A program that uses Marsyas to generate a PNG of an input audio file. The PNG can be either the waveform or the spectrogram of the audio file.
When generating a spectrogram, you can set both the window size and hop size that are used in calculating the FFT. The window size that you give is then used as the amount of data that the FFT is given, which means that the number of bins for the FFT will be half of the window size. Each bin of the FFT will be drawn in one pixel vertically, so if you use a window size of 512, the resulting PNG will be 256 pixels high.
The hop size for the spectrogram tells the program how much to overlap each FFT by. The width of the output PNG will thus depend on the length of the audio file and the hop size, with smaller hop sizes giving longer PNG images.

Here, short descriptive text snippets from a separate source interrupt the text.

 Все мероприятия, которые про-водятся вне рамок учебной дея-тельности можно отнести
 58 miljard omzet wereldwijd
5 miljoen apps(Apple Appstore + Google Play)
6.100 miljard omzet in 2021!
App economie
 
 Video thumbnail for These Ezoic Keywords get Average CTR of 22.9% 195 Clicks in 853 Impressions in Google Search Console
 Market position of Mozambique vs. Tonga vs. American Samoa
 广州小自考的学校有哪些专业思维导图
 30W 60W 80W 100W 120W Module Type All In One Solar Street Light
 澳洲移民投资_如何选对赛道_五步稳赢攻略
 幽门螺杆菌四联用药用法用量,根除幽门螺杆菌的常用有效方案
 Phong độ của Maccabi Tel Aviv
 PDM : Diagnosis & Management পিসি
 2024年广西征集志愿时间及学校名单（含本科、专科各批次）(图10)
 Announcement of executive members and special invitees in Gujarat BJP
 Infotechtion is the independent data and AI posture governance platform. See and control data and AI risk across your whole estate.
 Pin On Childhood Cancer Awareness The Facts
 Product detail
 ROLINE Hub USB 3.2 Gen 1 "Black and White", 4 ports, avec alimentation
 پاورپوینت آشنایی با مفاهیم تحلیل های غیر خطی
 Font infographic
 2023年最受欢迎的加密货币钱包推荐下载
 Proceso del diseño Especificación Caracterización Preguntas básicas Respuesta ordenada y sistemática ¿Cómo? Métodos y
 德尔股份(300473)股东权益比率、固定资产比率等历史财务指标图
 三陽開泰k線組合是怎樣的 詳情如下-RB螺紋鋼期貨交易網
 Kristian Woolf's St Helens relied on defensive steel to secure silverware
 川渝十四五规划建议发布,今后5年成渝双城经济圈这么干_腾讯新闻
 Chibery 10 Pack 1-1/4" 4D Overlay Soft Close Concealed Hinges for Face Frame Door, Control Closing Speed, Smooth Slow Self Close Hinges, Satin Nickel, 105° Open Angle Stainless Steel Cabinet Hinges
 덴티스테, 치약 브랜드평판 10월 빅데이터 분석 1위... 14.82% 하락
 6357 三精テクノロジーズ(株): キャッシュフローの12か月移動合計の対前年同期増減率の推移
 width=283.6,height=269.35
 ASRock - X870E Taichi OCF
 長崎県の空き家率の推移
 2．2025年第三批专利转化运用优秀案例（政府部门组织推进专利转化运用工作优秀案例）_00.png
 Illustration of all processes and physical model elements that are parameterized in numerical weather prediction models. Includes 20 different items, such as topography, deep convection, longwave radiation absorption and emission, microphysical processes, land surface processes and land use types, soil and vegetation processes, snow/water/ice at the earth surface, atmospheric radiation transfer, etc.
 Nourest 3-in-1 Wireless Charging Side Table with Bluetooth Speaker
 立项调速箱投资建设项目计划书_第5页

Below is shown an example of using sound2png to generate a spectrogram of an orca call. We use a window size of 1024 and a hop size of 1024. The maximum frequency is set to 8000Hz. A gain of 1.5 is used to make the spectrogram darker:
sound2png -m spectrogram A30.wav -ws 1024 -hs 1024 -mf 8000 -g 1.5 out.png
You can also you sound2png to generate pictures of the waveform of an audio file. For this, you use the -w option. An example of this is shown below:
sound2png -m waveform tiny.wav -ws 1 out.png
When generating pictures of waveforms, you can specify a window size. sound2png takes a chunk of data that is window size samples in length and calculates the maximum and minimum of this window. It then draws a bar from the minimum to the maximum value for each window. An example of this is shown below:
sound2png -m waveform small.wav -ws 100 out.png